Walking around the coast with some gadget or other would provide an answer. But that misses out quite a few little ins and outs. Even if I could go around each of the little ins and outs, how far should I go up a river? OK, there could be a rule for that - up to the first crossing.
This gets tricky, though - not the rivers, I am reasonably content about them - the fiddly bits like rocks, stones, pebbles, small pebbles, tiny pebbles. Lumps on pebbles. Even if they all stayed in the same place and even if I could measure around them. The more 'accurate' I try to be, the higher the perimeter becomes. It's not the satisfying outcome of a figure that homes in towards something - these measurements just get wildly bigger and bigger the closer you get to what it is you're measuring.
I had hoped that you could have a triangle (or some other polygon that you know how to work out a perimeter for) that sort of fitted inside our national perimeter and then another that sat just outside it. Logically one would jump to the conclusion that the length we want would be somewhere between the two but no. the damn line in the margin between them wiggles around and gets even longer the longer you think about it.
There, something like that would have been nice. The answer would have been somewhere between the two. But no - all those wiggles cause so many problems.
Here's another example. A line looks simple and straight. But look closer and you see it has a bump. Look even closer and it has bumps on the bumps. Travel along the first line - say 3 units.

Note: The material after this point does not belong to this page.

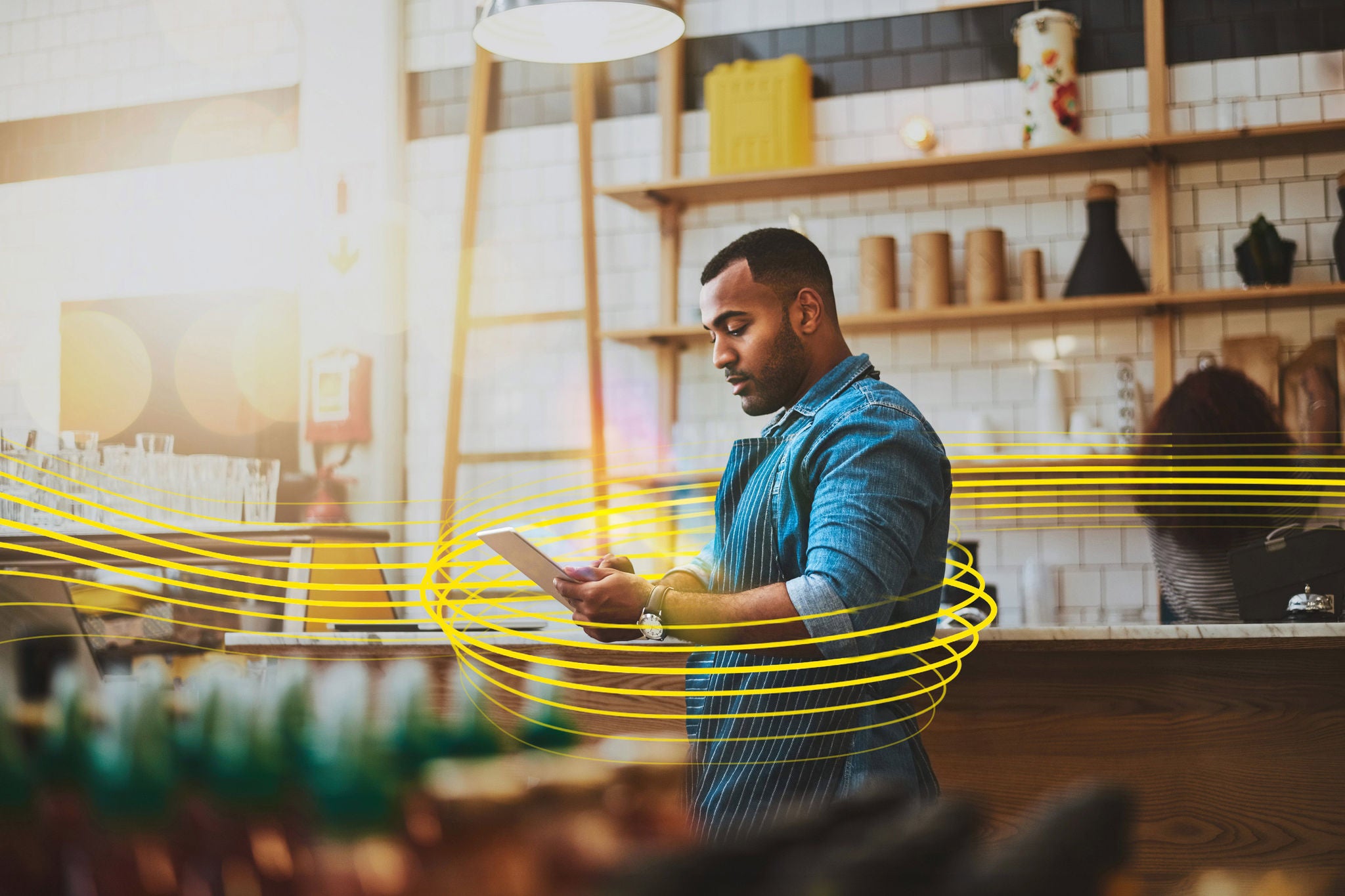  Focused manager on a tablet in a café, representing online entrepreneurship in retail, tech, food and coffee businesses.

Travel along the second one and, if the bumps are even and a third of the line length, you'll go 5 units.
Go along the next iteration and you've got 25 bits, each say a third of the previous one, so you go 8.33 units.
I am guessing but I expect this just keeps rising rather than heading for some pleasant and mutually agreed figure. With even bumps like this it's all nice and fractal so there'll be a formula too. That would be nice to know if anyone cares to share it or I suppose I can work it out.
All this tells me, though, is that it is not possible to be very sure about how far it is along things. The numbers seem to get bigger and bigger. And yet we know that the Earth is only so big so there has to be a limit somewhere or we'd be talking about things that fall off the edge or make rockets redundant for Moon visits.
Am I missing something terribly obvious or is this measurement business just some convenient approximation we make in this Age and will one day be looked upon as a bit silly.